Pancreatic cancer is one of the deadliest types of cancer. Despite several FDA-approved treatments, it is projected to become the second-leading cause of cancer-related death in the United States around 20201, in part due to challenges in diagnosing and treating the disease. Pancreatic cancer is often not detected until it is advanced and considered inoperable. Standard treatments are often ineffective because they cannot be delivered directly to the tumor and are unable to penetrate the tumor tissue.
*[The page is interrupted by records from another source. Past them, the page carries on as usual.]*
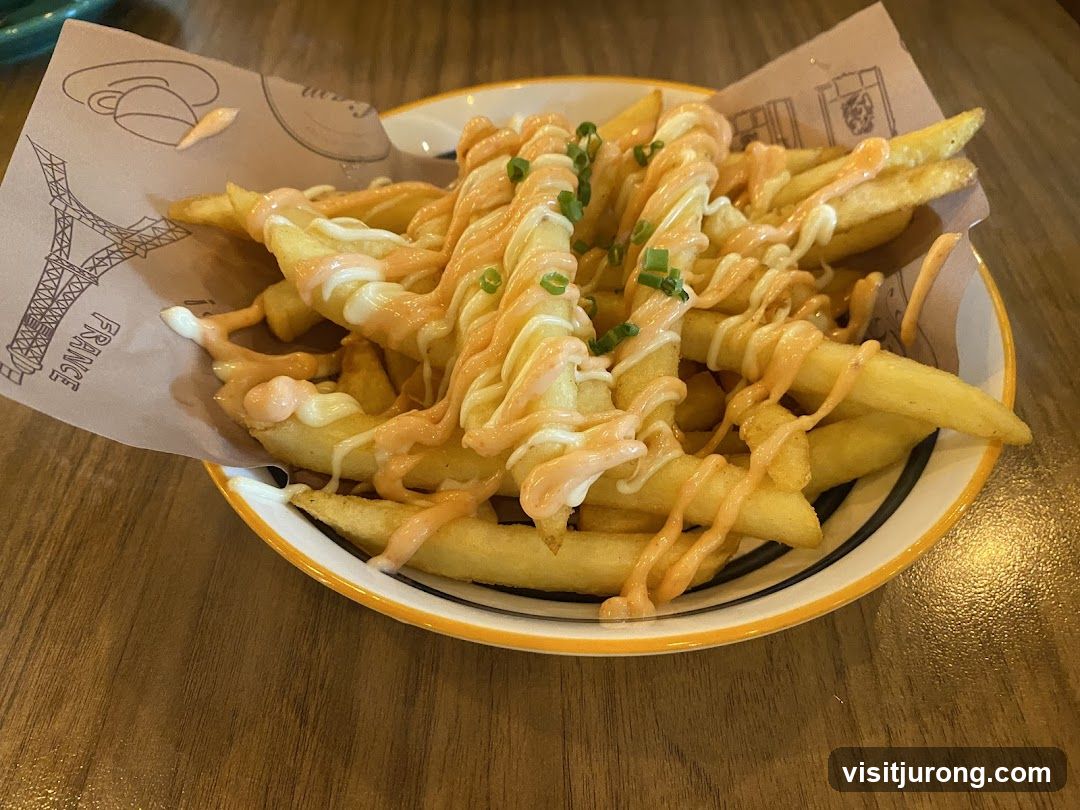 Fries with sauce
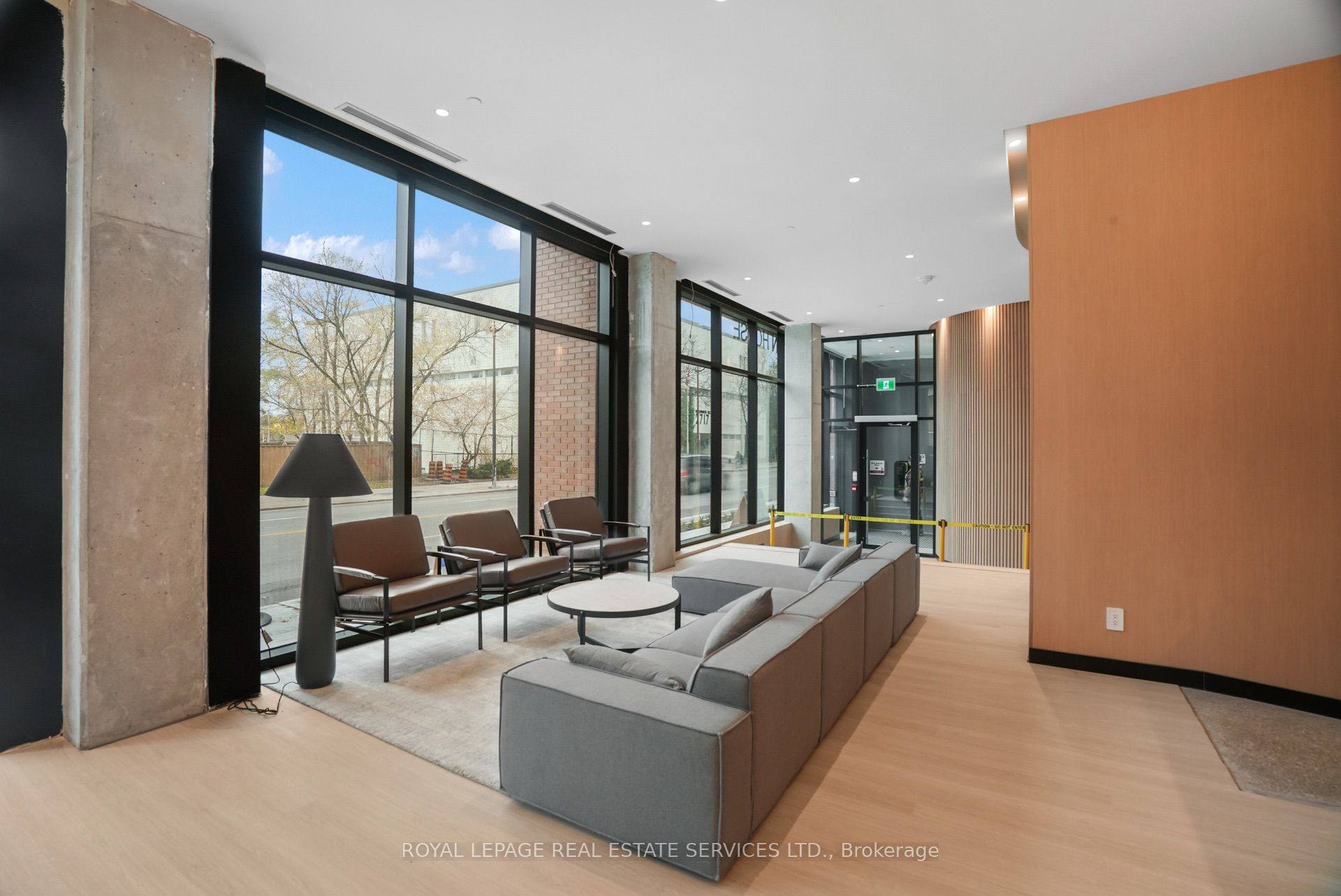 Toronto, ON M6P 1Y2, Canada, 1 Bedroom Bedrooms, ,1 BathroomBathrooms,Residential,Active,173622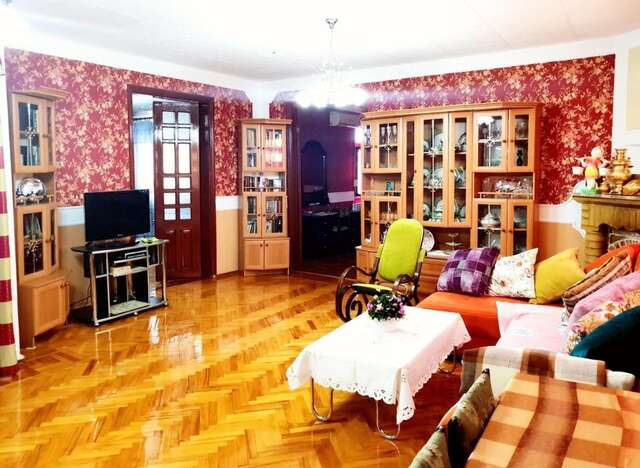 Апартаменты Cozy Apartment in the City Center Баку-3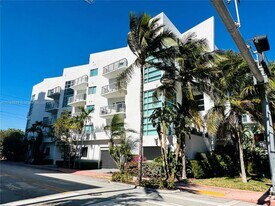 7700 Collins Ave in Miami Beach, FL - Building Photo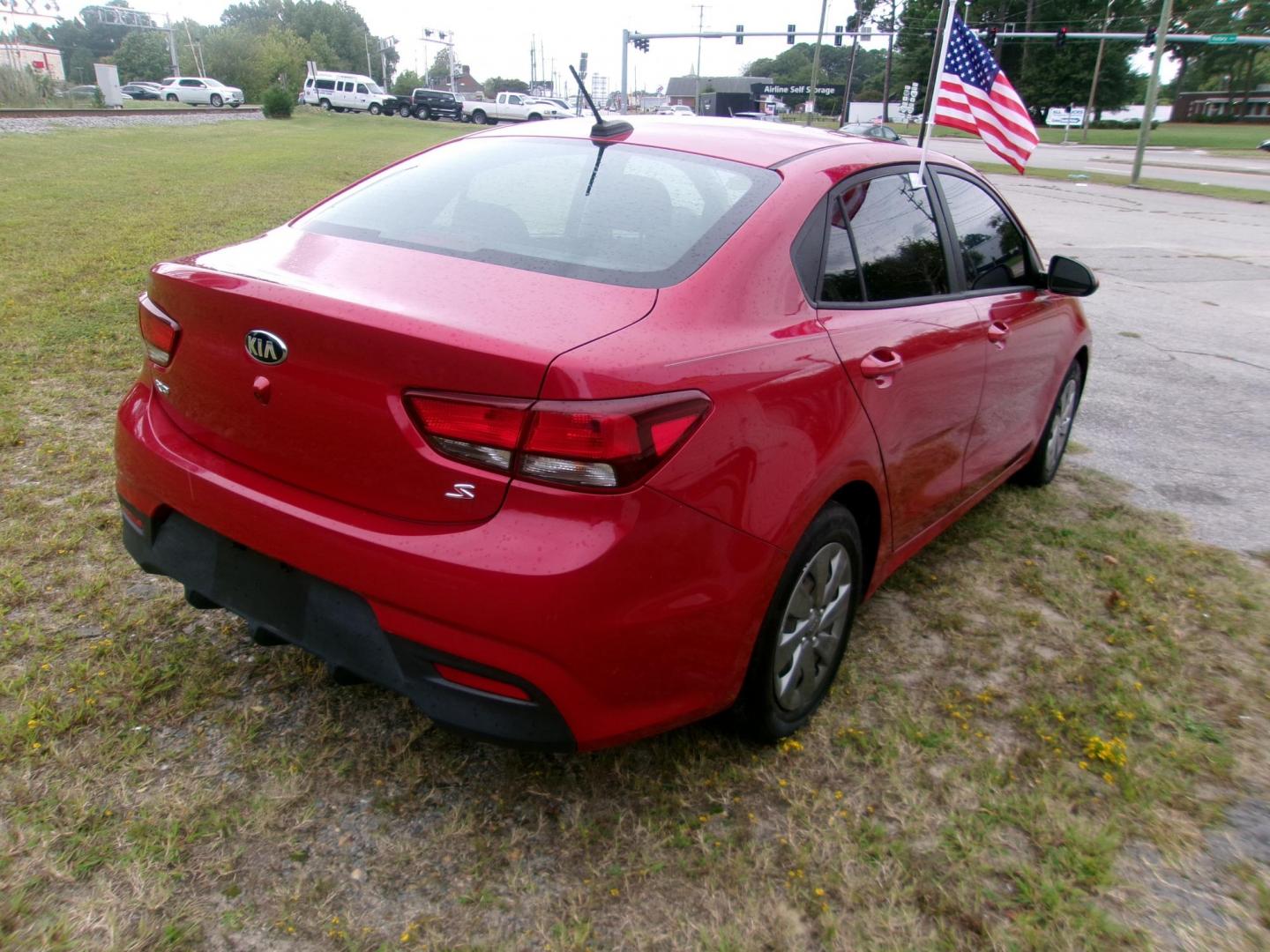2020 Red Kia Rio LX (3KPA24AD2LE) with an 1.6L L4 DOHC 16V engine, 6A transmission, located at 2553 Airline Blvd, Portsmouth, VA, 23701, (757) 488-8331, 36.813889, -76.357597 - ***VEHICLE TERMS*** Down Payment: $999 Weekly Payment: $120 APR: 23.9% Repayment Terms: 42 Months *** CALL ELIZABETH SMITH - DIRECTOR OF MARKETING @ 757-488-8331 TO SCHEDULE YOUR APPOINTMENT TODAY AND GET PRE-APPROVED RIGHT OVER THE PHONE*** - Photo#6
Based upon early studies of people with locally advanced pancreatic cancer and the potential to address a significant unmet need, the FDA recently granted RenovoCath an Orphan Drug Designation and approved an Investigational New Drug (IND) application for the company to advance directly to a pivotal Phase III clinical study.
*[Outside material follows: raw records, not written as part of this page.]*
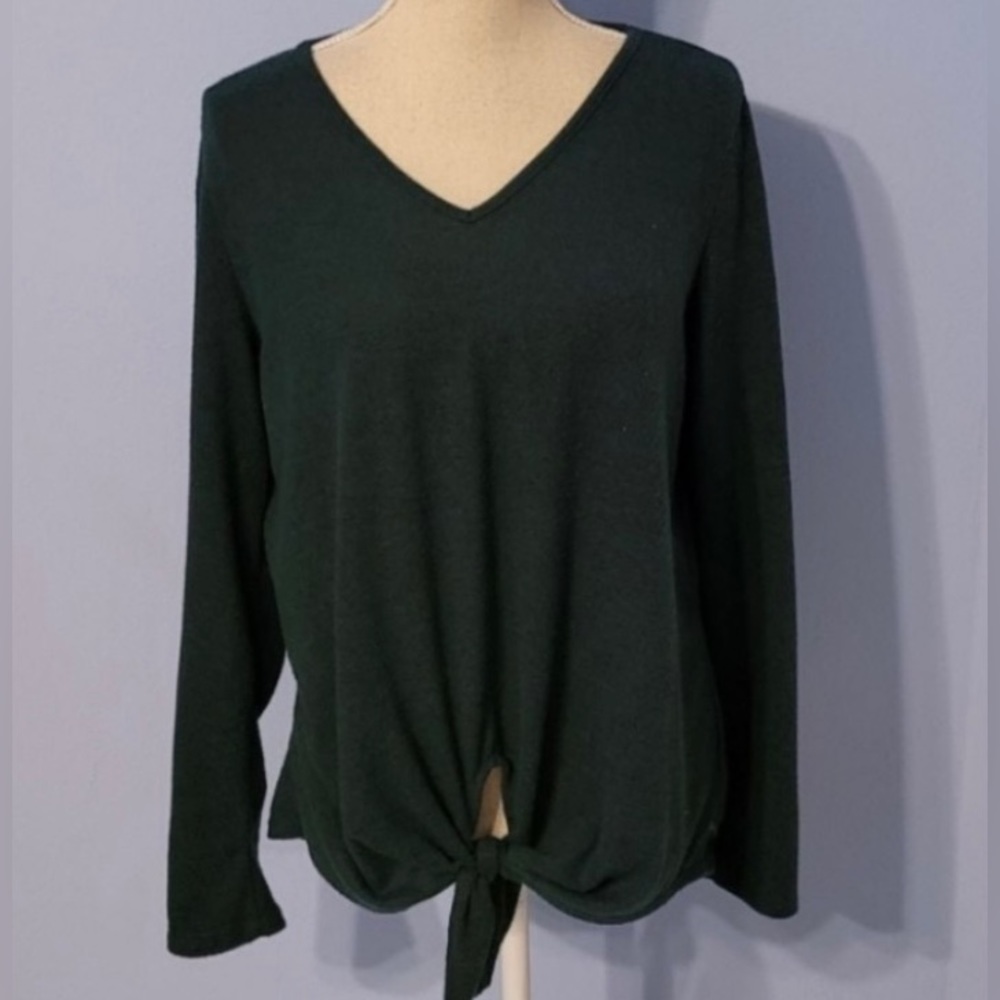 Vine & Love Large Womens Top
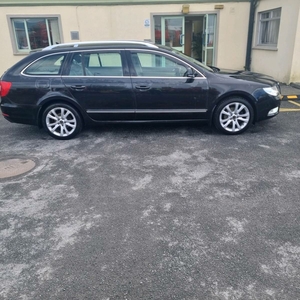 2012 - Skoda Superb Manual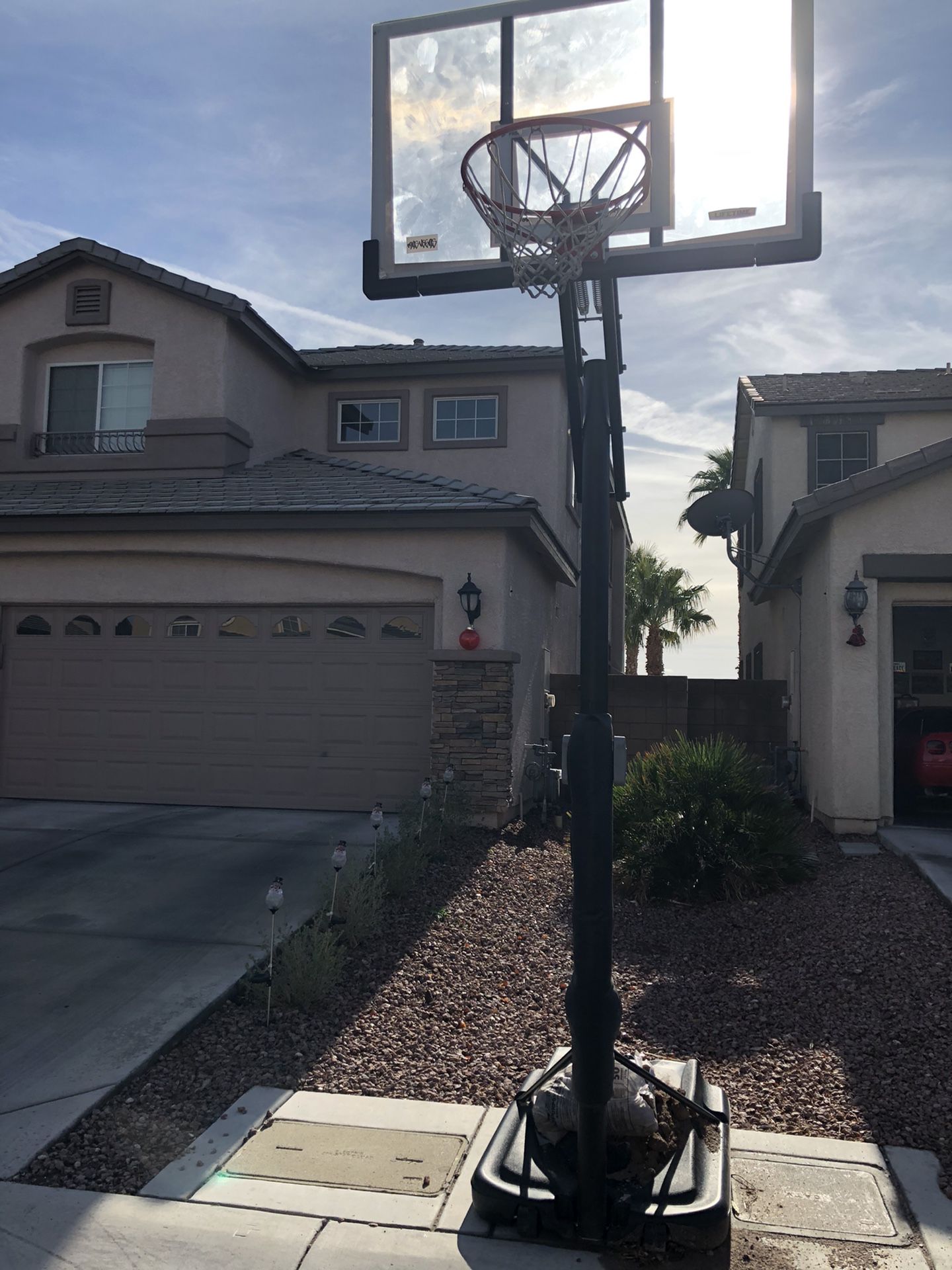 Adjustable basketball hoop 54”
"There are significant challenges in treating pancreatic cancer and our aim is to overcome these barriers by using a catheter-based, targeted approach to delivering chemotherapy. This funding, along with our FDA Orphan Drug Designation and approval of our IND are three important milestones in bringing this new therapy option to patients," said Shaun R. Bagai, CEO of RenovoRx. "We are excited to begin enrollment in our pivotal Phase III trial of the RenovoCath System and advance this technology in an area of significant patient need."

RenovoCath is a dual-balloon infusion catheter that reaches pancreatic tumors using a proprietary, catheter-based approach to deliver chemotherapy directly to the tumor inside the pancreas, without the need to identify blood vessels locally at the treatment site. An early feasibility study using this targeted approach suggested an improved survival benefit for people with advanced pancreatic cancer compared to historical controls.

Enrollment has begun in a randomized, Phase III study designed to compare intra-arterial chemotherapy via RenovoCath to systemic chemotherapy in approximately 300 patients with locally advanced pancreatic cancer at up to 20 sites across the United States. The primary endpoint is overall survival (OS) with secondary endpoints including safety and quality of life.